Wanna Build A Super App? Try Embedded Fintech First
Something that’s irked me over the last few years is the rhetoric around building a financial super app. Before, we talked a bit into why companies want to rebundle financial services—it increases revenue and retention for existing customers and it’s got really easy to build new digital financial services from scratch.
But just cause you can do something doesn’t mean you should. And I think most fintech companies should stay away from being a financial super app and stay focused on their core value proposition, and expand into new products only if it makes sense.
Historically, the whole idea around a financial super app really originated from China—in apps like Alipay or WeChat Pay, users could initiate a bunch of different financial transactions. But there’s a reason this worked in China—traditional financial systems and products like payment cards weren’t easily accessible there, so tech players needed to create digital systems for money movement and transacting for their users. The traditional payment network between merchants, banks, and consumers didn’t really exist, and there was only cash-based transactions to compete with. Also, as FT Partners Research notes, regulation in China was a lot more lax around banking and financial products for Chinese companies, make it easier to build financial products directly. (BTW—if you haven’t read the FT Partners Research note on Super Apps, check it out here—highly recommended spending some time reading through it if you’re interested in the topic.
But another layer that is less discussed is that Alipay, WeChat Pay, and others were capitalizing on a robust and highly engaged platform—Alipay was a subsidiary of Alibaba and WeChat Pay is an offshoot of WeChat, the social media platform. Users on Alibaba were already transacting a ton on the platform, but more importantly, Alibaba had both merchants and users it needed to pay out (for fees, returns, etc) and doing that in an economy that’s predominantly cash is extremely hard. Similarly, WeChat was already building a robust e-commerce ecosystem that helped users buy digital and physical goods and services (micropayments to creators, payments for taxi’s, etc.) In both cases, building a solid financial infrastructure dramatically improved their core product’s UX and functionality. Everyone in fintech talks about how to build a super app by providing value through cheaper, more accurate, financial services—but, in my opinion, the real reason Asian super apps worked is because the financial layer made the core product more engaging for users and sticky. Because that worked, Alipay and WeChat Pay were able to easy expand into a huge ecosystem of financial services that were offered digitally.

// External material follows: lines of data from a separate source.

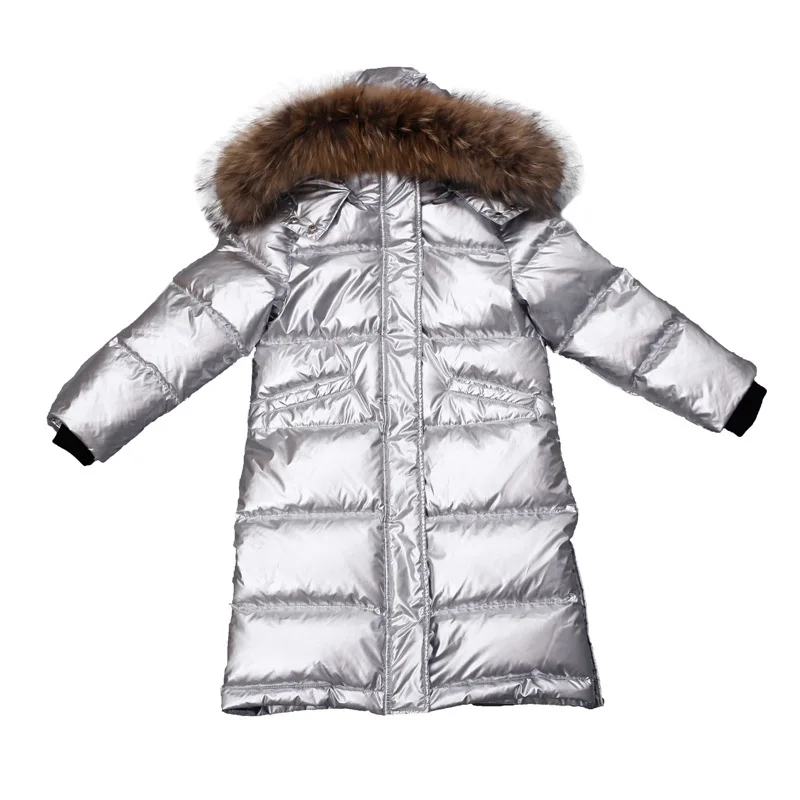 OLEKID 2024 Russian Winter Down Jacket For Girls Waterproof Shiny Warm Girls Winter Coat 5-14 Years Teenage Girl Parka Snowsuit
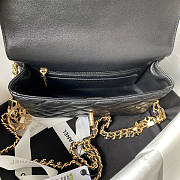 Chanel Flap Bag Black Size 20.5 x 17 x 6.5 cm - 6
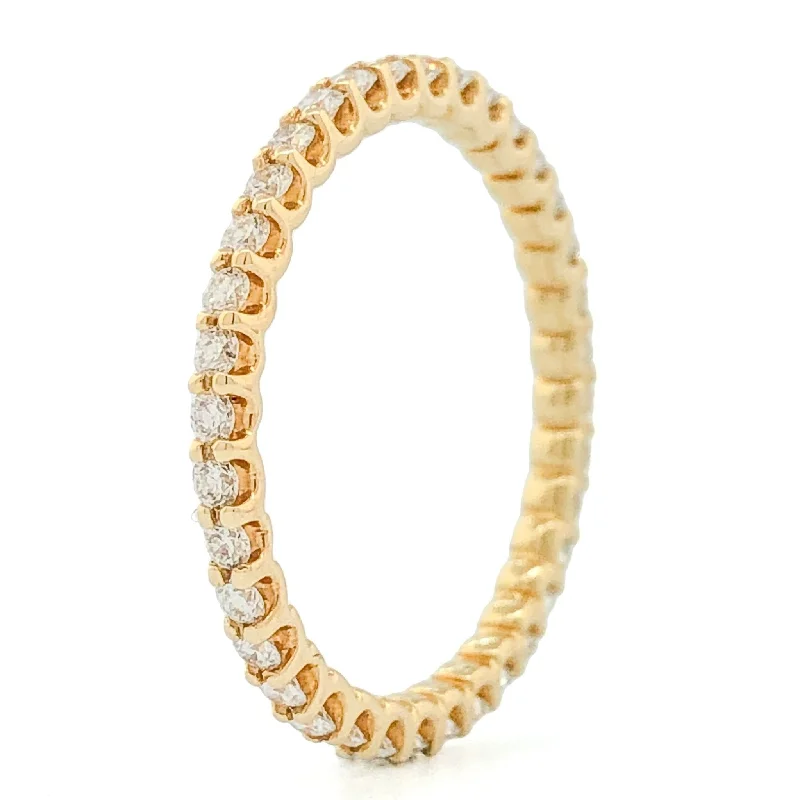 Elegant Rose Gold Jewelry For A Stylish Touch 14K Y Gold 0.50cttw G-H/SI1-2 Diamond Eternity Band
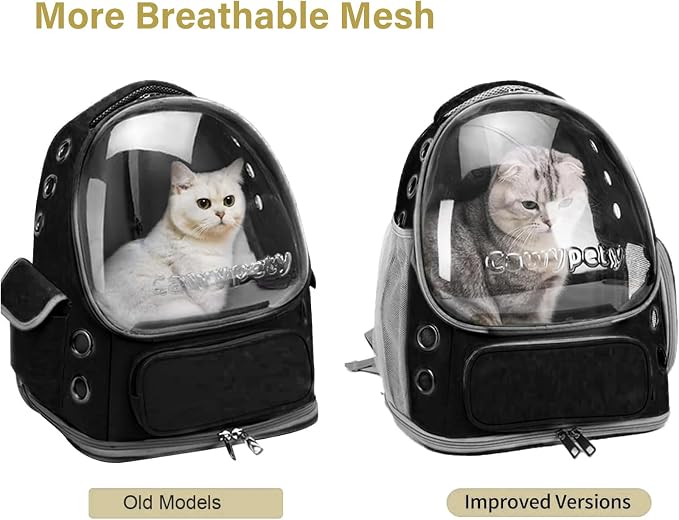 Cat Backpack Carrier, Breathable Cat Carrier Large Space Bubble Pet Backpack - Image 3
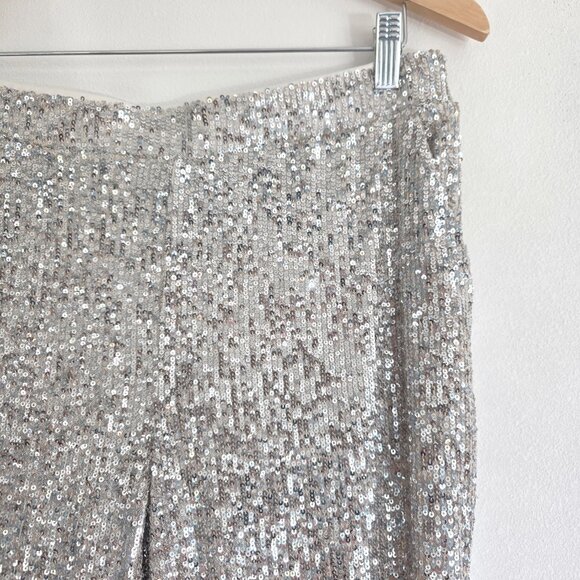 Cable & Gague Sequin Gold Pant Trousers Party Outfit Concert Date night - Picture 7 of 10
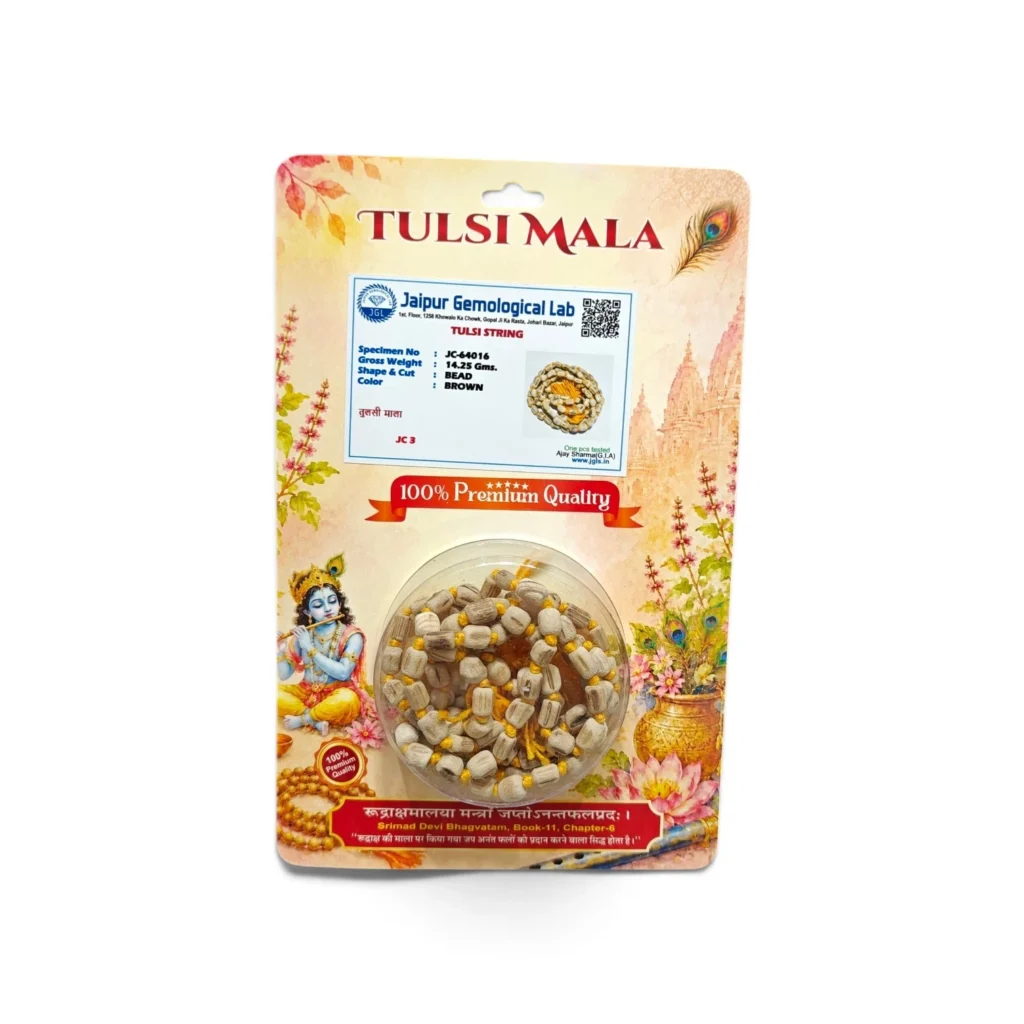 Original Tulsi Japa Mala 108+1 Beads | Lab Tested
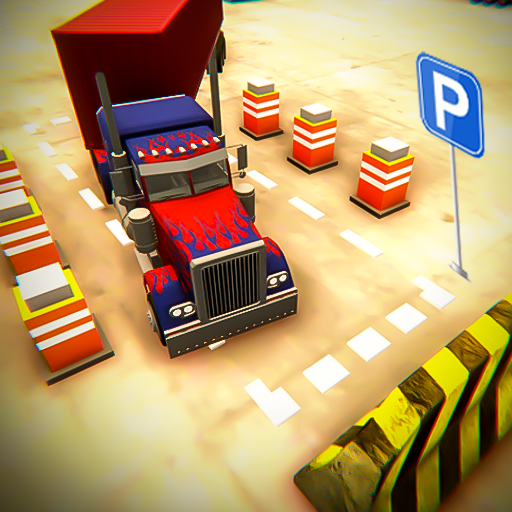 Cargo Truck Parking Truck Game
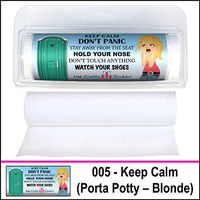 Gotta Tinkle! Mini Travel-Size Toilet Paper Tissue - Bathroom & Toilet Humor (3-Pack) (005 Keep Calm Porta Potty - Blonde)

US fintech companies haven’t been able to do the same. Most apps are pretty one dimensional—they offer one core product and a few services that aren’t as popular as the core one. I think one underleveraged strategy is using the data from your core product to augment your ancillary one. If your core product is a checking account, adding stock trading might seem like a natural extension—you already hold funds, so its easier to get people to invest—but leveraging spending and deposit data to help underwrite microloans might be a better strategy to start off with.
But even then, I think building a super app that’s solely a bunch of financial services bundled into one app is probably dead-on-arrival. The average consumer doesn’t want to think about financial services all the time. Finding the right audience, suite of products, and executing the right tactics is almost too hard nowadays, with how competitive consumer fintech is and how many different players there are in the ecosystem now.
One strategy I haven’t seen implemented yet? Leveraging embedded fintech to expand your reach and distribution. Everyone hear “super app” and thinks of a financial WalMart, a store where you can get pretty much everything. I think a better strategy could be to create a strong brand and core product with tons of value—lets say a neobank with a strong rewards program—and embedding your core product into other platforms, partners, and services that already have an engaged audience. Then, use your brand and relationship with users to funnel them into an app that has really robust capabilities.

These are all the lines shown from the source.